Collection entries
──────

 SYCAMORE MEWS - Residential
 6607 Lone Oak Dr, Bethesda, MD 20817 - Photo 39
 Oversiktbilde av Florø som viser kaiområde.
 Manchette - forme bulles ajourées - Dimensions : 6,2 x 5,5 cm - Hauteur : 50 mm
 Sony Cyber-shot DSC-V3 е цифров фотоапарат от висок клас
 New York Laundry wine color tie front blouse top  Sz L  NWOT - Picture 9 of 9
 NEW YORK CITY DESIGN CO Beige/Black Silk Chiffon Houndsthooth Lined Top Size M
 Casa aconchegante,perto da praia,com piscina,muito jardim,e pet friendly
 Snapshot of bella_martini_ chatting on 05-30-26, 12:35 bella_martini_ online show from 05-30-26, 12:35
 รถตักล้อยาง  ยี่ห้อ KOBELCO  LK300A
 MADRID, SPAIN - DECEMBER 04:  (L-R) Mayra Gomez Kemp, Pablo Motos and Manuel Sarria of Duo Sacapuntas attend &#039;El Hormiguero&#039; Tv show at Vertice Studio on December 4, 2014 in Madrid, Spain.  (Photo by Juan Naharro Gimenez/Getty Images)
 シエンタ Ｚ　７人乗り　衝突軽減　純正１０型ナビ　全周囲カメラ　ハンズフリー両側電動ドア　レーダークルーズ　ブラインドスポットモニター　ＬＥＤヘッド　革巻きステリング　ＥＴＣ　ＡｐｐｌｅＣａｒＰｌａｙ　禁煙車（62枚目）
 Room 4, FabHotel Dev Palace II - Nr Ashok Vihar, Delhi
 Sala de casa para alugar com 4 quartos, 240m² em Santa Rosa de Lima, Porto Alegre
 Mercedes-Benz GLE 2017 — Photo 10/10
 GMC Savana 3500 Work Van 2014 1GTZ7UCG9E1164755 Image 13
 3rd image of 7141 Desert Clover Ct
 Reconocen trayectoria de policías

──────

▶ [Task goal]: This exercise requires an exact copy of all the records.

▶ [Exercise result]:
 SYCAMORE MEWS - Residential
 6607 Lone Oak Dr, Bethesda, MD 20817 - Photo 39
 Oversiktbilde av Florø som viser kaiområde.
 Manchette - forme bulles ajourées - Dimensions : 6,2 x 5,5 cm - Hauteur : 50 mm
 Sony Cyber-shot DSC-V3 е цифров фотоапарат от висок клас
 New York Laundry wine color tie front blouse top  Sz L  NWOT - Picture 9 of 9
 NEW YORK CITY DESIGN CO Beige/Black Silk Chiffon Houndsthooth Lined Top Size M
 Casa aconchegante,perto da praia,com piscina,muito jardim,e pet friendly
 Snapshot of bella_martini_ chatting on 05-30-26, 12:35 bella_martini_ online show from 05-30-26, 12:35
 รถตักล้อยาง  ยี่ห้อ KOBELCO  LK300A
 MADRID, SPAIN - DECEMBER 04:  (L-R) Mayra Gomez Kemp, Pablo Motos and Manuel Sarria of Duo Sacapuntas attend &#039;El Hormiguero&#039; Tv show at Vertice Studio on December 4, 2014 in Madrid, Spain.  (Photo by Juan Naharro Gimenez/Getty Images)
 シエンタ Ｚ　７人乗り　衝突軽減　純正１０型ナビ　全周囲カメラ　ハンズフリー両側電動ドア　レーダークルーズ　ブラインドスポットモニター　ＬＥＤヘッド　革巻きステリング　ＥＴＣ　ＡｐｐｌｅＣａｒＰｌａｙ　禁煙車（62枚目）
 Room 4, FabHotel Dev Palace II - Nr Ashok Vihar, Delhi
 Sala de casa para alugar com 4 quartos, 240m² em Santa Rosa de Lima, Porto Alegre
 Mercedes-Benz GLE 2017 — Photo 10/10
 GMC Savana 3500 Work Van 2014 1GTZ7UCG9E1164755 Image 13
 3rd image of 7141 Desert Clover Ct
 Reconocen trayectoria de policías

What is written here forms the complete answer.